Hukuman mati bagi Syech Siti Jenar menyangkut masalah yang lebih prinsipal, yaitu penyelewengan akidah. Faham wahdatul wujud yang disebarkan Syech Siti Jenar mengakibatkan terhapusnya semua tugas dan kewajiban, karena tidak ada artinya tugas kewajiban selama orang berkeyakinan bahwa tidak ada yang wujud selain Tuhan. Apakah artinya mengutus Rasul? Mungkinkah mengutus utusan dari diri sendiri, kepada diri sendiri, untuk diri sendiri? Dan apakah artinya pada makhluknya terdapat orang yang baik dan orang yang tidak baik? (Muchtar Rosjidi, 1962)

Lebih tajam dari Muchtar Rosjidi, JWM Bakker SY dalam bukunya Sejarah Filsafat dalam Islam (1978) menulis,

"Terlepas dari semangat fatalisme (qadar wa qada, qismet, nasib, maktub) dan iklim agnotisisme (tak tahu kenyataan), ajaran kalam ini mengandung bahaya lebih besar lagi bagi kepercayaan Islam sendiri. Peralihan dari faham: "semua kegiatan adalah kegiatan Tuhan, semua penyebab adalah penyebaban Tuhan' kepada faham: "semua ada adalah Tuhan' itu mudah. Ini bukan khayalan; banyak sufi melangkah dari faham wahdatul sebab kepada faham wahdatul wujud atau dalam filsafat dari penergetisme ke pantheisme dan monisme." (hal. 61)

Dalam cerita rakyat yang sering saya dengar, ajaran Syech Siti Jenar mengakibatkan orang-orang Islam baru mengacuhkan Syariat Islam, meninggalkan sholat, puasa dsb. Hal ini tentu sangat mengacaukan dan menyesatkan ajaran Islam. Secara tegas Muchtar Rosjidi (1962) mengatakan bahwa wahdatul wujud merupakan bid'ah yang membahayakan aqidah Islamiyah dan mengakibatkan timbulnya ajaran-ajaran kebatinan yang tidak menentu ujung pangkalnya yang hanya akan merugikan perkembangan mental masyarakat.

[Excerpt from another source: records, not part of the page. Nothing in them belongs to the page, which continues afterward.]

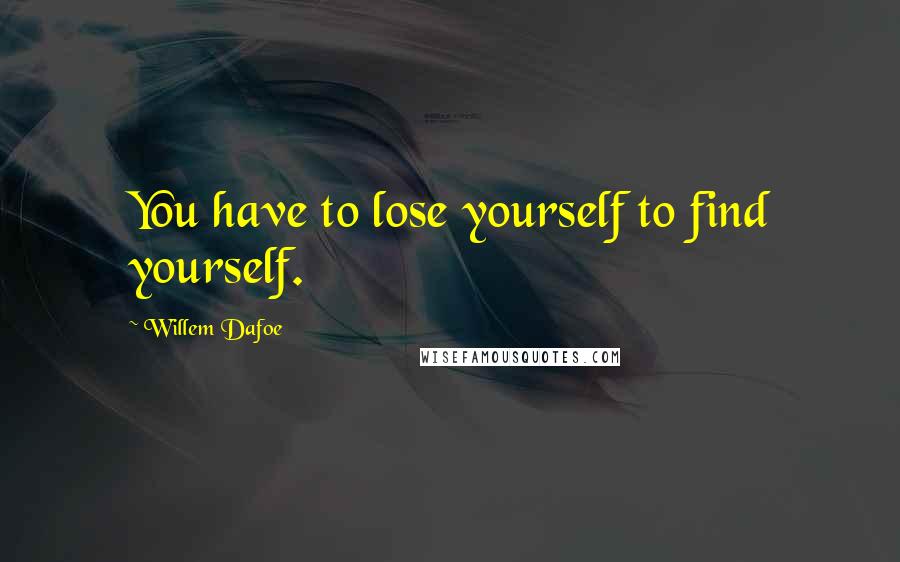 Willem Dafoe Quotes: You have to lose yourself to find yourself.
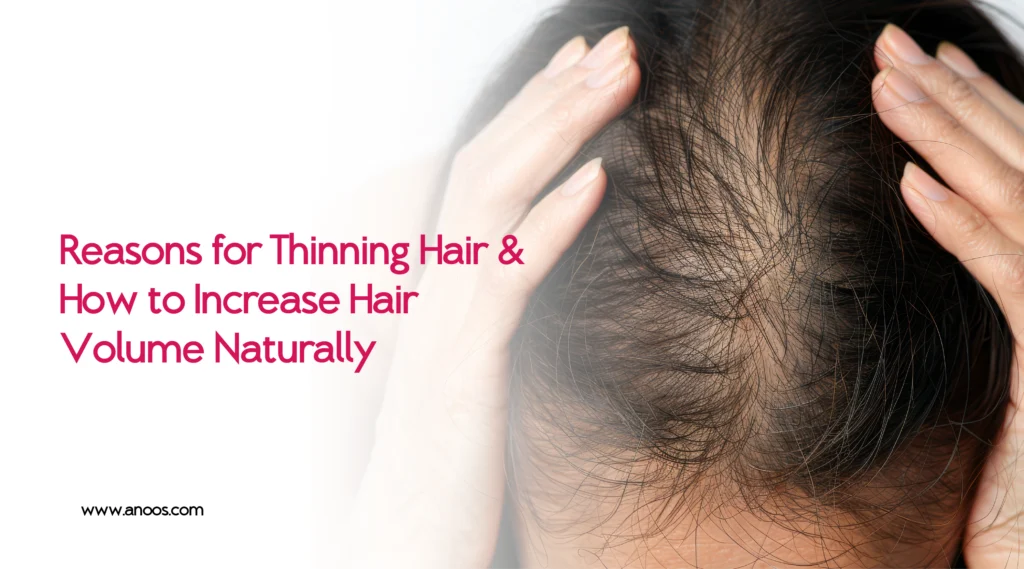 Reasons for Thinning Hair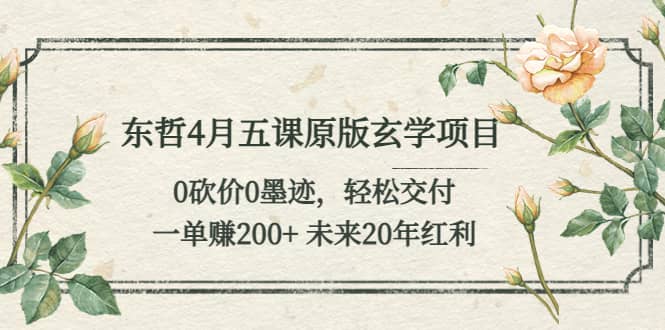 东哲4月五课原版玄学项目：0砍价0墨迹 轻松交付 未来20年红利-优优资源网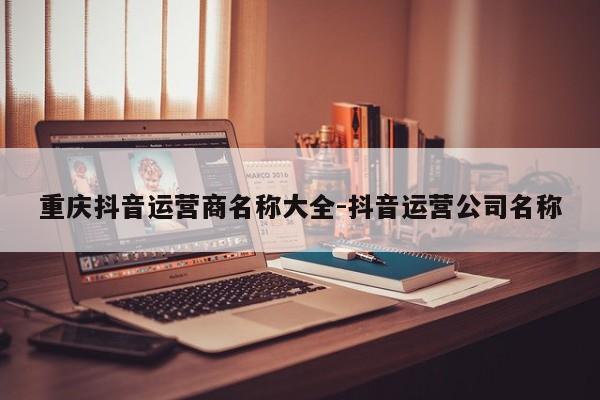 重庆抖音运营商名称大全-抖音运营公司名称-第1张图片-星期六学习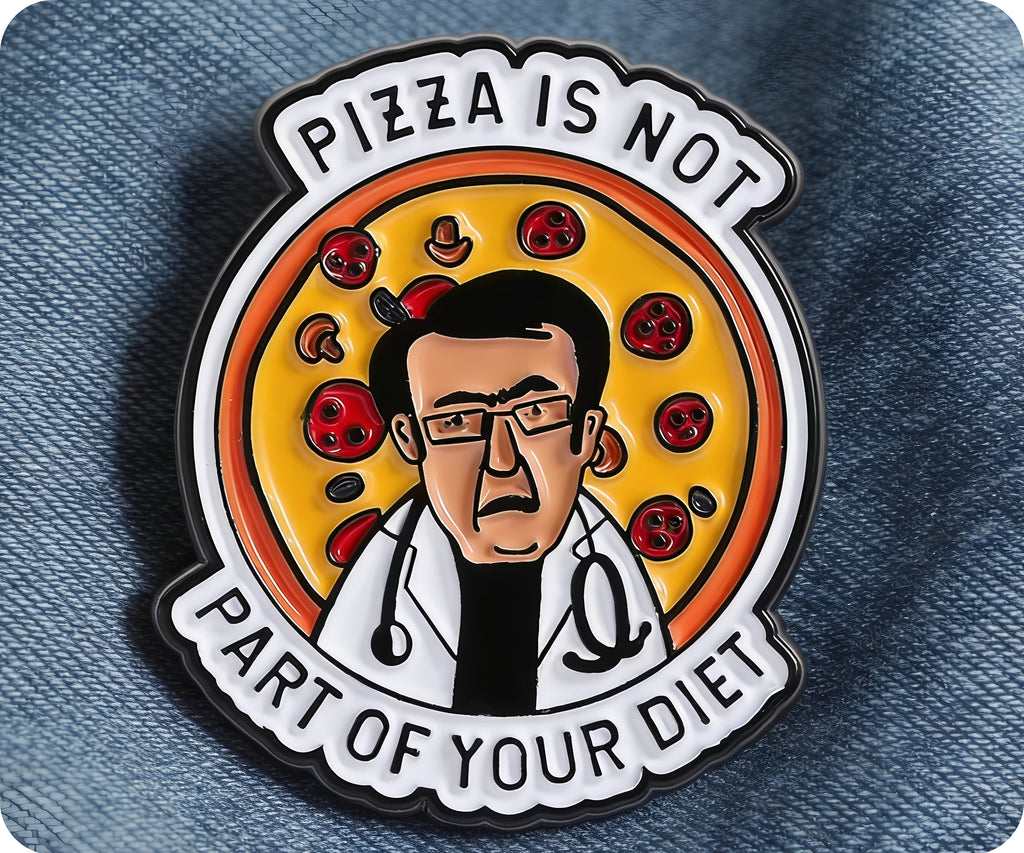 Pizza Is Not Part OF Your Diet Pin Badge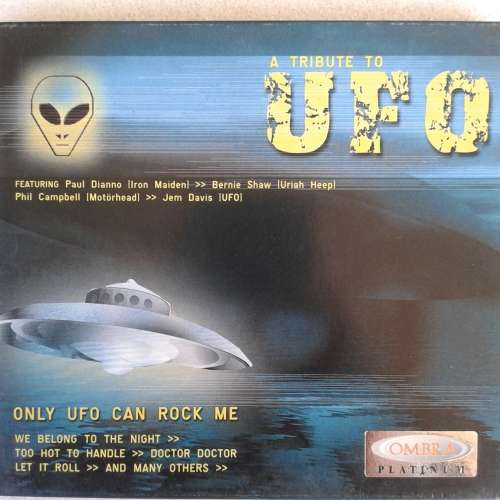 Only UFO Can Rock Me: A Tribute To UFO - Various Artists (2004)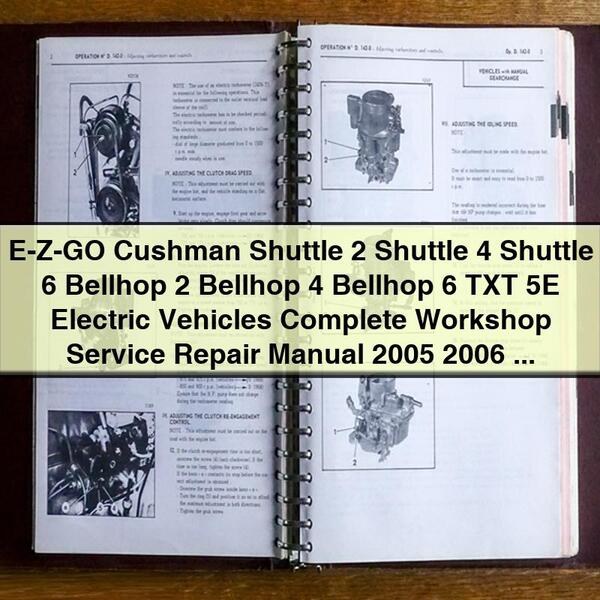 E-Z-GO Cushman Shuttle 2 Shuttle 4 Shuttle 6 Bellhop 2 Bellhop 4 Bellhop 6 TXT 5E Electric Vehicles Complete Workshop Service Repair Manual 2005 2006 2007 2008 2009 2010 2011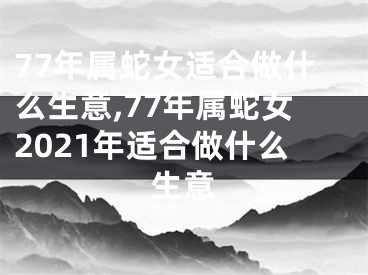 77年属蛇女适合做什么生意,77年属蛇女2021年适合做什么生意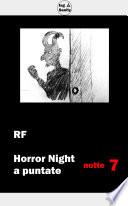 Horror Night a puntate - Notte 7
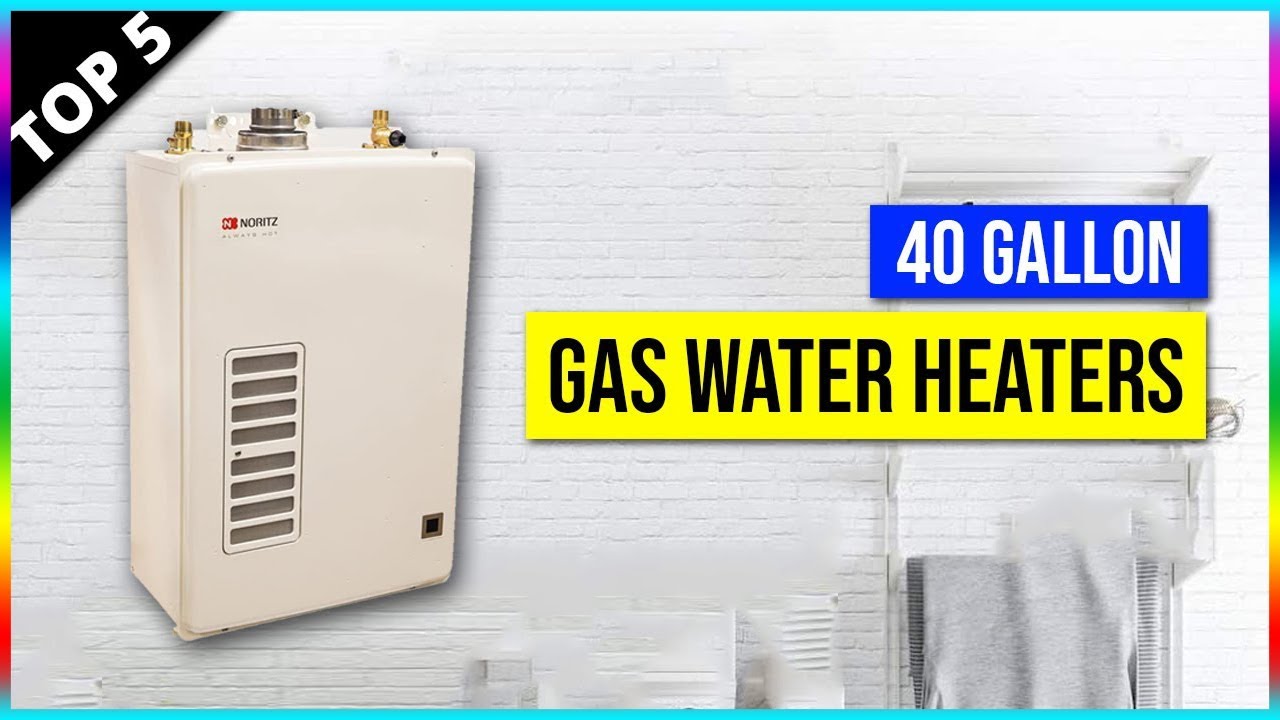 Best 40 Gallon Gas Water Heaters In 2024 - Top 5 Gas Water Heater ...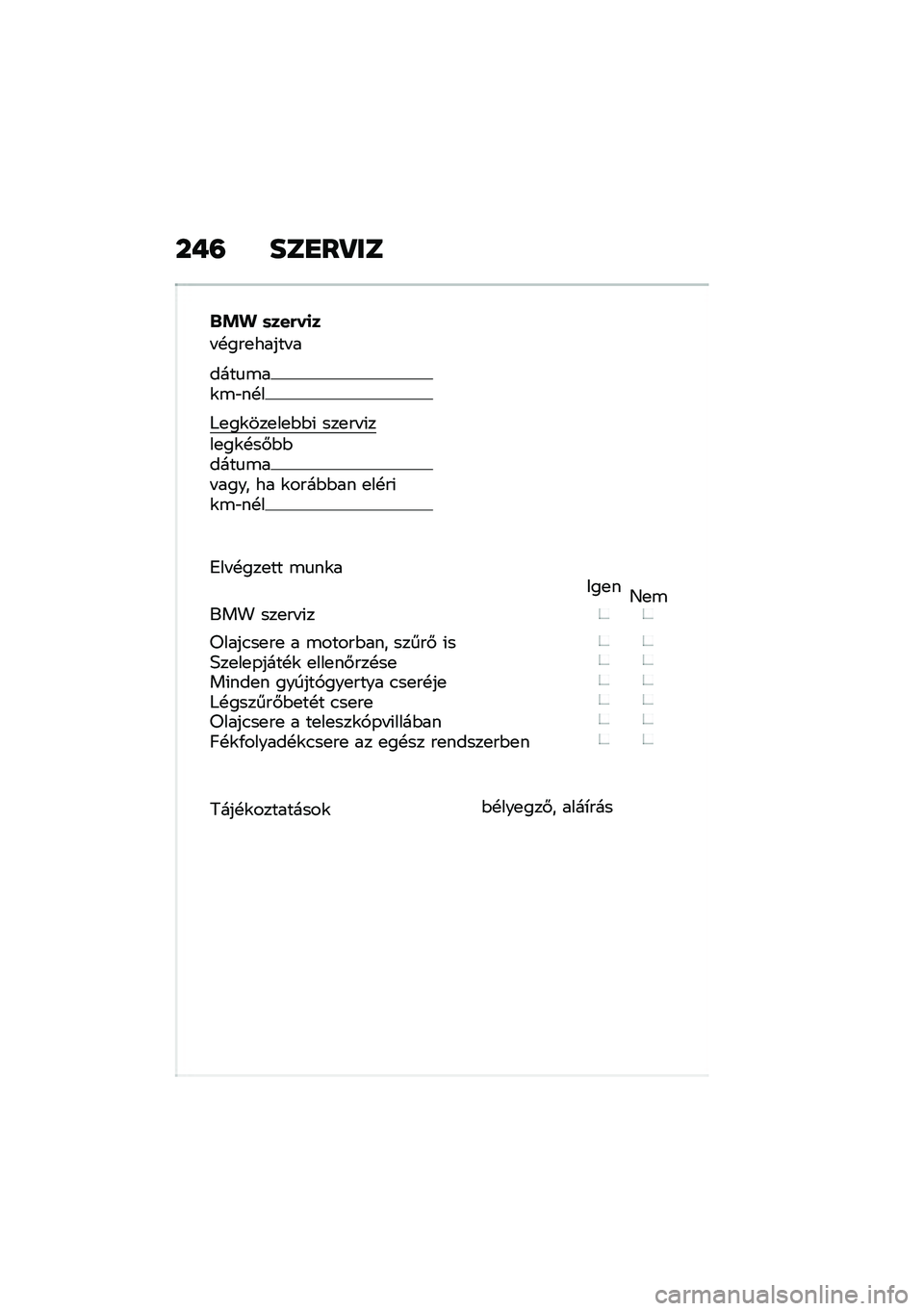 BMW MOTORRAD F 900 R 2020  Kezelési útmutató (in Hungarian) � �)�? ��	�G����	
�&�!� �	���(��
�
� �!���
����� �
����
�\b��\f�\b�"��!�
�8�
��\f���
��
�$�$�( ���
�� �(���
��\f�!��#�$�$����
�\b�� ���� �� �\f����$�$��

Faham wahdatul wujud ini ditangkap secara dangkal Vredi Kastam Marta dengan mengungkapkan tindakan masyarakat Pengging yang mempertuhan Syech Siti Jenar, karena mukjizat-mukjizat yang dipunyai Syech Siti Jenar.

Tak Ada Pertentangan Antara Islam dan Sufi

BANYAK orang yang menangkap masalah secara setengah-setengah menganggap tragedi kaum sufi adalah pertentangan antara Islam (ortodox) dengan faham sufi. Padahal faham sufi adalah bagian dari Islam itu sendiri.

Sufi tumbuh karena ritual dalam Islam cenderung mekanistis, tetapi tanpa penghayatan dan isi. Orang sholat hanya jungkal-jungkel atau berolah-raga belaka, tanpa konsentrasi yang menghantarkan hubungan antara makhluk dengan Khaliknya. Sufi tumbuh untuk mengisi kekurangan yang terjadi pada peribadatan yang dilakukan oleh sementara orang Islam.

Vredi Kastam Marta dalam naskahnya sejauh yang saya simak dari pementasan Teater Kita mempertentangkan Islam Ortodox dengan falsafi sufi. Dari naskah itu muncul kata-kata Syech Siti Jenar menyesatkan hukum syara, membeberkan agama dengan falsafi sufi. Bukankah ini sebuah indikasi kekurangan landasan pengetahuan penulis naskah tentang tumbuhnya faham sufi dalam Islam?

Suara Masa Kini

JIKA Wali Songo menghukum Syech Siti Jenar karena fahamnya yang wahdatul wujud, yang dapat menumbuhkan aliran-aliran kebatinan, bukan berarti Syech Siti Jenar sudah terjerumus ke dalam aliran-aliran kebatinan.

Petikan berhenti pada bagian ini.